- _Task prompt_
Repeat each entry below exactly, omitting any picture it holds.

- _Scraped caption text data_
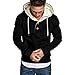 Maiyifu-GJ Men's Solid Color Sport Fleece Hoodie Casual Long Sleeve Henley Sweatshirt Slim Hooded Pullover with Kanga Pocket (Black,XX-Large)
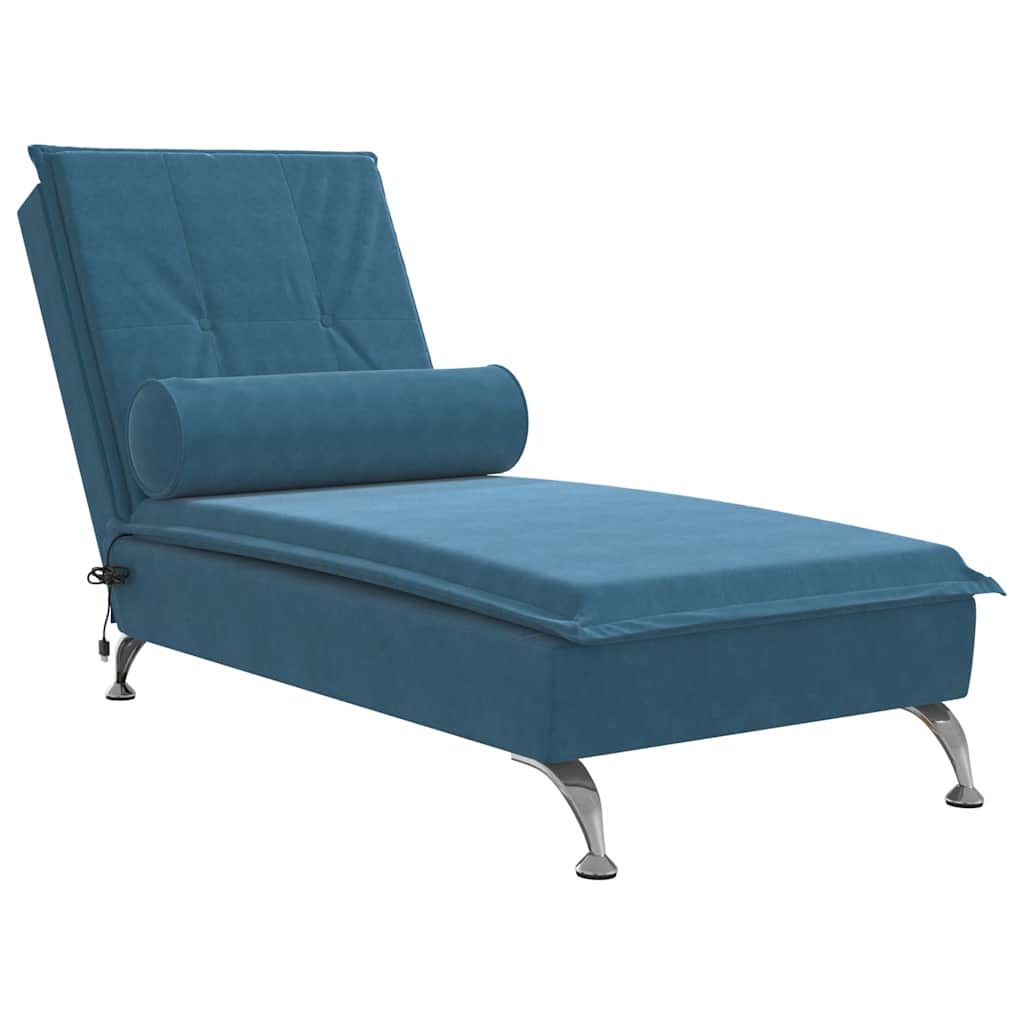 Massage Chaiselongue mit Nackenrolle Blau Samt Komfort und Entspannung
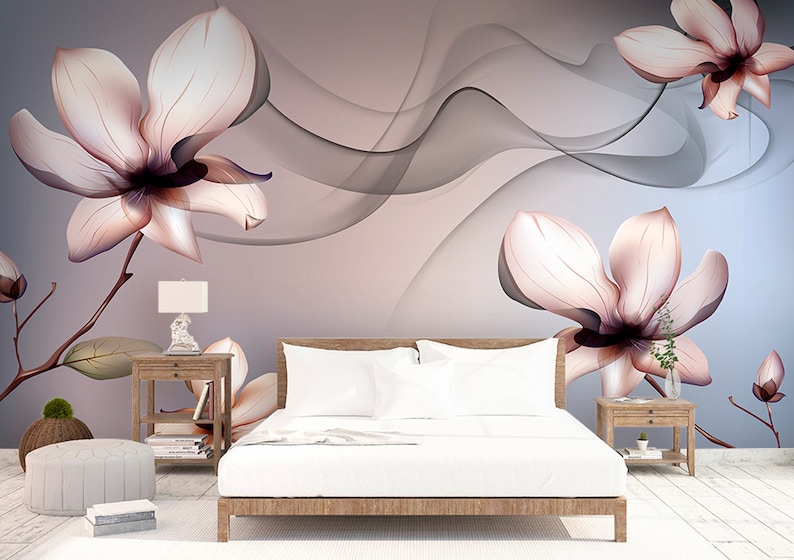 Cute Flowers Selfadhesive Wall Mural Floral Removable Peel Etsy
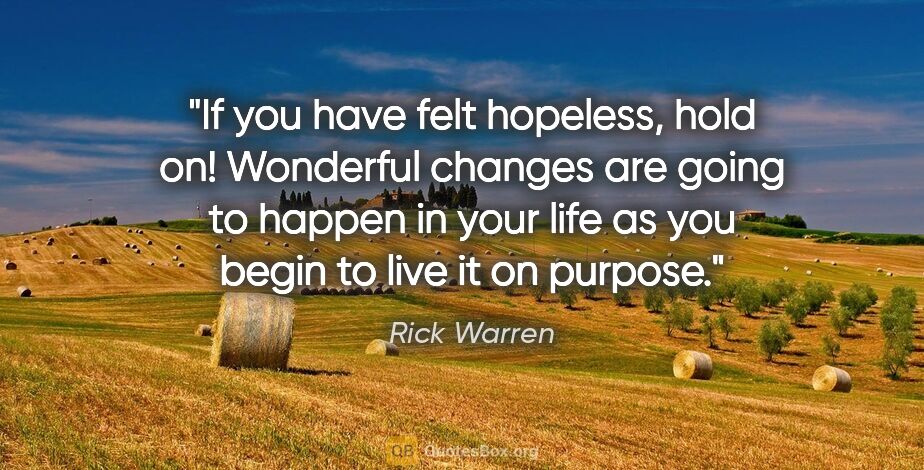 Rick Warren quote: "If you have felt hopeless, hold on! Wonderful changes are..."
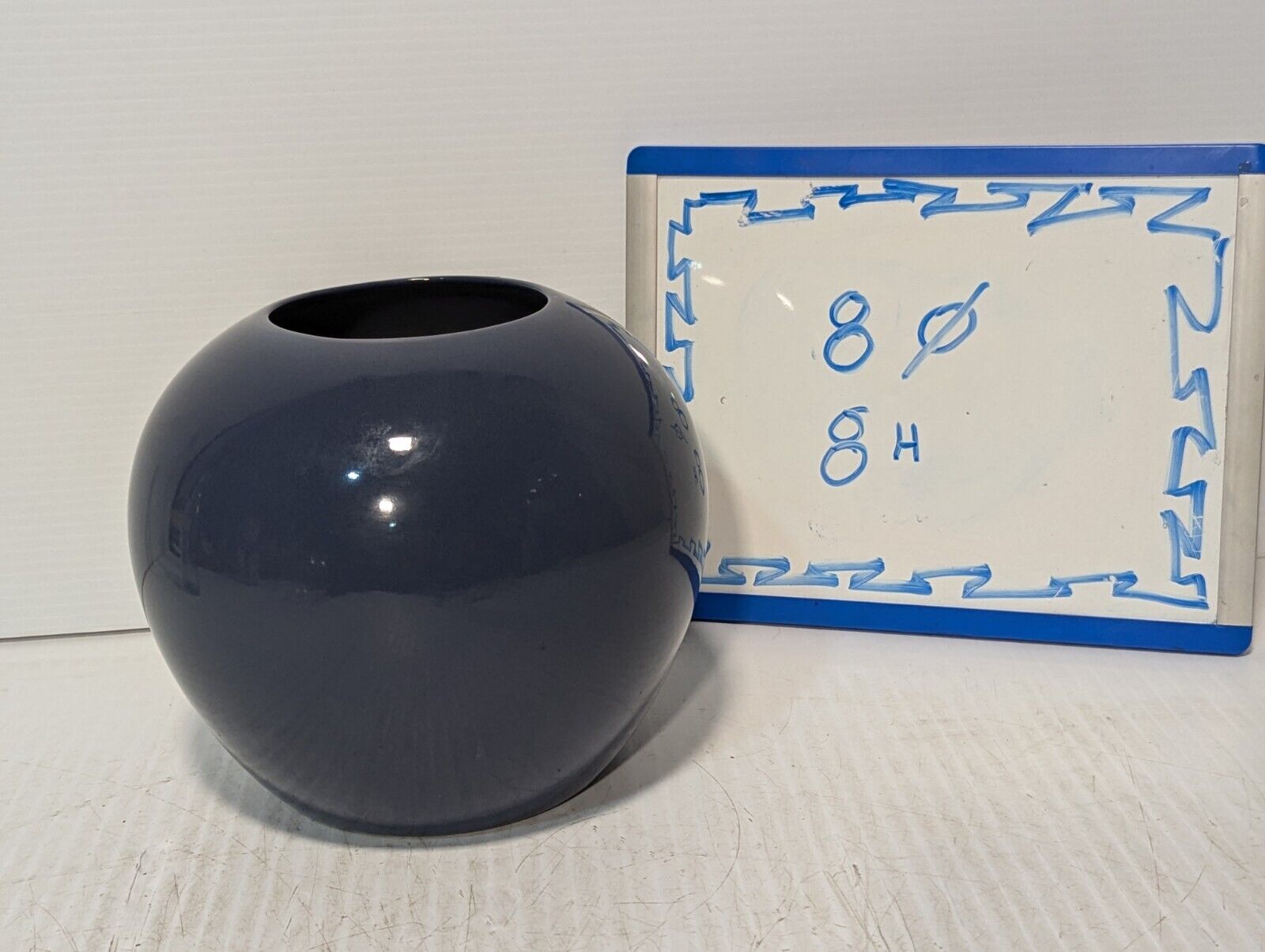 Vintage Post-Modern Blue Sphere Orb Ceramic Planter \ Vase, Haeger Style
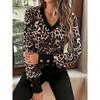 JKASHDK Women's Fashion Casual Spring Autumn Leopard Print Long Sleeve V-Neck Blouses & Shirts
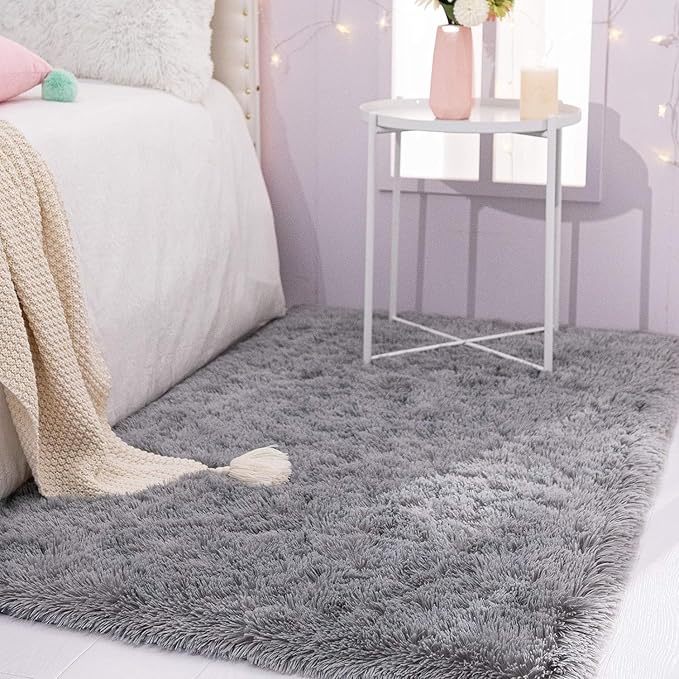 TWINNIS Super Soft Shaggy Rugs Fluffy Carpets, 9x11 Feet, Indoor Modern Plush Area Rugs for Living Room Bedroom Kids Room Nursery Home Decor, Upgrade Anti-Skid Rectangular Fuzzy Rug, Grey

- _Answer below_
 Maiyifu-GJ Men's Solid Color Sport Fleece Hoodie Casual Long Sleeve Henley Sweatshirt Slim Hooded Pullover with Kanga Pocket (Black,XX-Large)
 Massage Chaiselongue mit Nackenrolle Blau Samt Komfort und Entspannung
 Cute Flowers Selfadhesive Wall Mural Floral Removable Peel Etsy
 Rick Warren quote: "If you have felt hopeless, hold on! Wonderful changes are..."
 Vintage Post-Modern Blue Sphere Orb Ceramic Planter \ Vase, Haeger Style
 JKASHDK Women's Fashion Casual Spring Autumn Leopard Print Long Sleeve V-Neck Blouses & Shirts
 TWINNIS Super Soft Shaggy Rugs Fluffy Carpets, 9x11 Feet, Indoor Modern Plush Area Rugs for Living Room Bedroom Kids Room Nursery Home Decor, Upgrade Anti-Skid Rectangular Fuzzy Rug, Grey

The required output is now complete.